Even though NVMe SSD support for cache in storage arrays on "prosumer" grade NAS is a big step, we still have a long way to go. Ideally, these systems will all include high-throughput interfaces like 10-gigabit Ethernet (and beyond) and NVMe acceleration support. The Synology DS1819+ compromises in that aspect, but that's not the only area where it falls short.
The add-in card doesn't support M.2 22110 form factor cards, the standard for enterprise M.2 SSDs. With 22110 support, we could have used larger Optane SSDs, or even Samsung 983 DCT drives with hardware power-failure protection. The extra length allows Samsung, and other SSD manufacturers to include power capacitors that purge the data in the DRAM to the flash in the event of a sudden power outage event.
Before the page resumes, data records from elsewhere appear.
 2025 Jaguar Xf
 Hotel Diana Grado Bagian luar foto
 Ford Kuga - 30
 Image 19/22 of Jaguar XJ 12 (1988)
In the future, we should see more support for the M.2 22110 form factor, but as of now, it's a rare feature found only in datacenter and enterprise servers. The drives cost slightly more than consumer models (but available through the channel and Amazon), but designed specifically for these workloads.
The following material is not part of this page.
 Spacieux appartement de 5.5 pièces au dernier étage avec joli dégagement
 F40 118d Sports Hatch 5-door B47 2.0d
To maximize compatibility, we plan to use the Intel Optane SSD 800P drives in our prosumer NAS reviews that support NVMe acceleration. The M.2 2280 form factor will maximize our compatibility until we see the market support the larger form factor. The 800P also reduces the size of data held in the cache and that allows us to look at overall system performance and how the systems work with cache a little better than using very large drives.
Our choice doesn't mean the Optane 800P is the best solution for your business' workload. You can use our results today as a guide to face the right direction. In my own server, I recently replaced an LSI PCI Express SSD with an Intel Optane 900P 480GB drive that works in concert with a Mellanox 40GbE card to distribute data across our overpowered home network with roughly 20 devices randomly pulling data. In my personal testing, we used IMG Burn to read movie data and write back to the NAS a Blu-Ray Ultra (4K) ISO file. The Optane 900P cache configuration allowed the conversion to happen nearly twice as fast as the old LSI cache.
As they say, your mileage may vary. That said, it's difficult to beat 3D XPoint memory technology for low queue depth performance. Intel doesn't specifically list NAS acceleration for these products, but in our testing, the performance benefits are hard to match dollar for dollar.